When the i-th actuator malfunctions, we may inverse solve for the magnitude of the remaining swing angle after redistribution by the CAM, i.e.

(43) \begin{align}u' = {({B^{\rm{*}}})^{ - 1}}M\end{align}

Based on the above method, FTC under actuator failure is achieved, as shown in Fig. 6.

Figure 6. Flow chart of launch vehicle active FTC.

5.2 Fault tolerant control under sensor failure

After using the MMFD algorithm for fault detection of the launch vehicle, if only the faulty sensors are separated, it will lead to a reduction of the monitored measurement parameters, which will not accurately reflect the flight attitude of the rocket and affect the normal operation of the controller.

Considering that the input variables of the jth filter do not contain faulty sensor data at the moment of fault, an accurate estimation of output and state variables can be realised.

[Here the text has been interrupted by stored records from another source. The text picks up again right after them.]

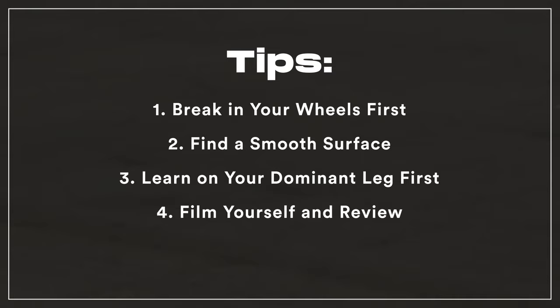Embrace the difficulty curve — don't expect to master everything in a few sessions. Frustration is a part of the process, but try to be generous with yourself and focus on the fun parts of learning a new skill. If you find yourself getting angry or losing focus, it's totally fine to step away and come back to it in a day or two.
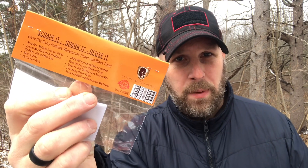This is from Battle Box, but Go Prepared Survival makes it. Met him at SHOT Show — solid dude, makes a solid product. Made in the USA. So that's our second product in this month's Battle Box.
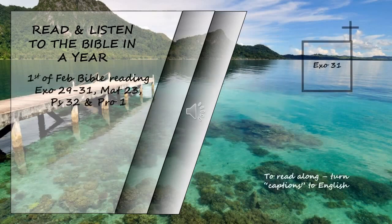Exodus chapter 31. Then the Lord said to Moses: See, I have chosen Bezalel, son of Uri, the son of Hur of the tribe of Judah, and I have filled him with the Spirit of God, with wisdom, with understanding, with knowledge, and with all kinds of skills — to make artistic designs for work in gold, silver, and bronze, to cut and set stones, to work in wood, and to engage in all kinds of crafts.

According to the system in Equation (11), the fault data of the jth sensor is replaced with the corresponding estimated data as shown in Fig. 6.

Fault injection is used to simulate defects during rocket flight, as shown in Fig. 6. When no fault is present, the measured signal y is directly output; when a fault is present, the MMFD method is used to detect and isolate faults of various fault types and to calculate the category and magnitude of the fault. Finally, the necessary reconfiguration steps are performed to mitigate the effects of the problem and restore system performance.

6.0 Numerical validations

To validate the efficiency of the suggested strategy, simulation analysis is performed for several launch vehicle failure scenarios. This study proposes eight Kalman filters for the FDD of actuators, as well as six Kalman filters for the FDD of sensors.

6.1 Faultless state

When the launch vehicle operates correctly, none of the residuals of SCKF and ACEKF weighted square values surpass the threshold value, as seen in Figs. 7 and 8.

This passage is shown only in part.